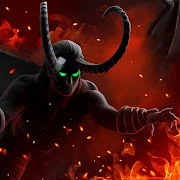 Lost Lands 1 CE icon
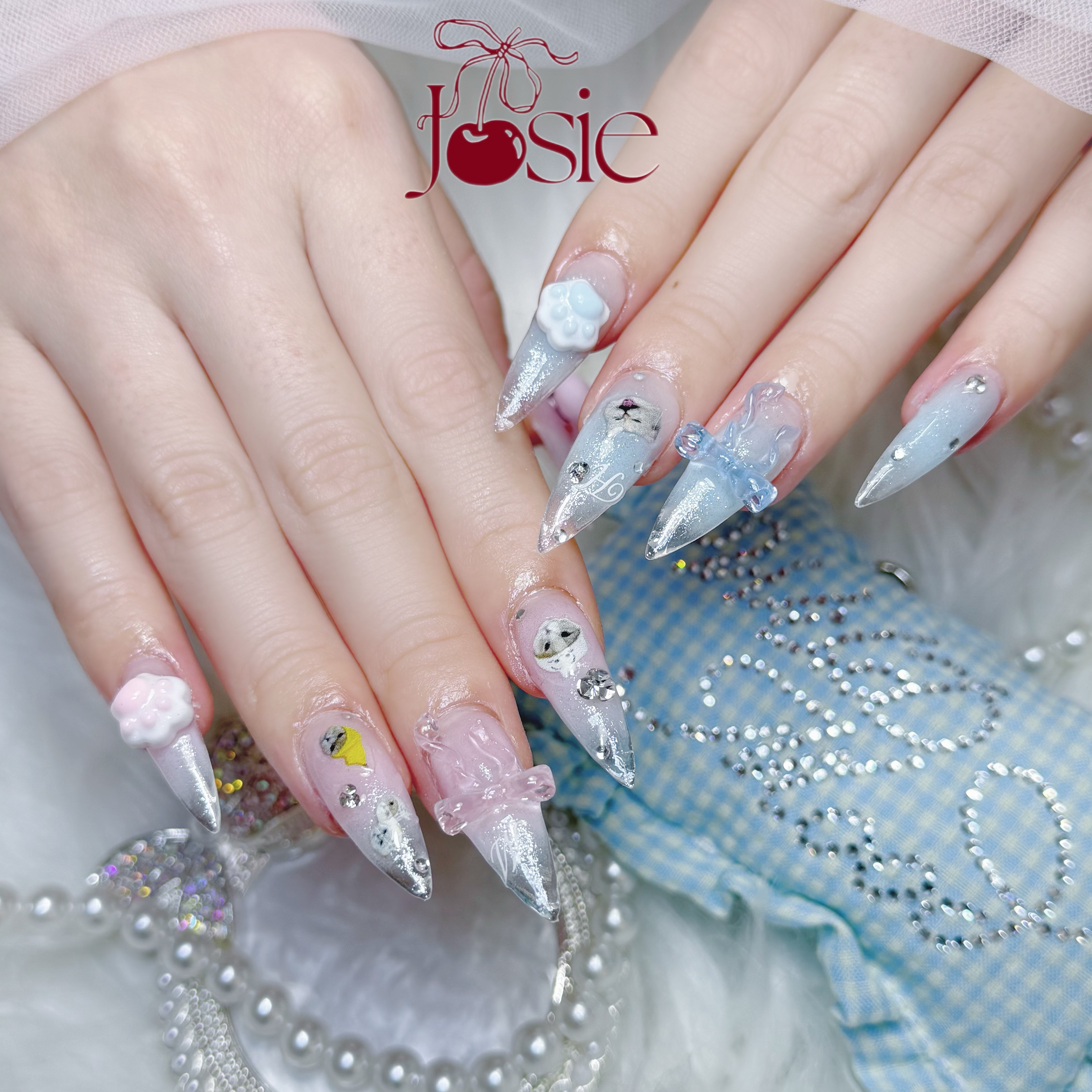 Anna_josie.nail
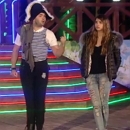 ������: ���� �������� ������ �����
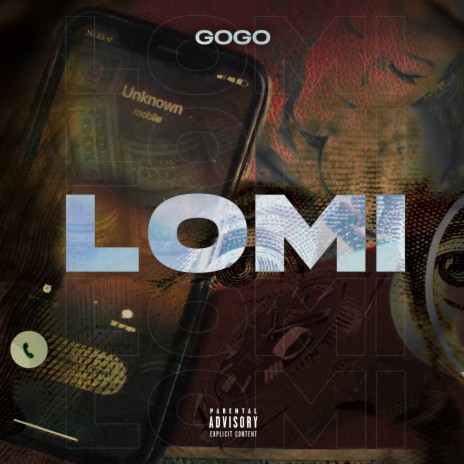 Lomi (Remix) | Boomplay Music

============================================================

The answer is the listing above repeated verbatim, minus its images.

 Lost Lands 1 CE icon
 Anna_josie.nail
 ������: ���� �������� ������ �����
 Lomi (Remix) | Boomplay Music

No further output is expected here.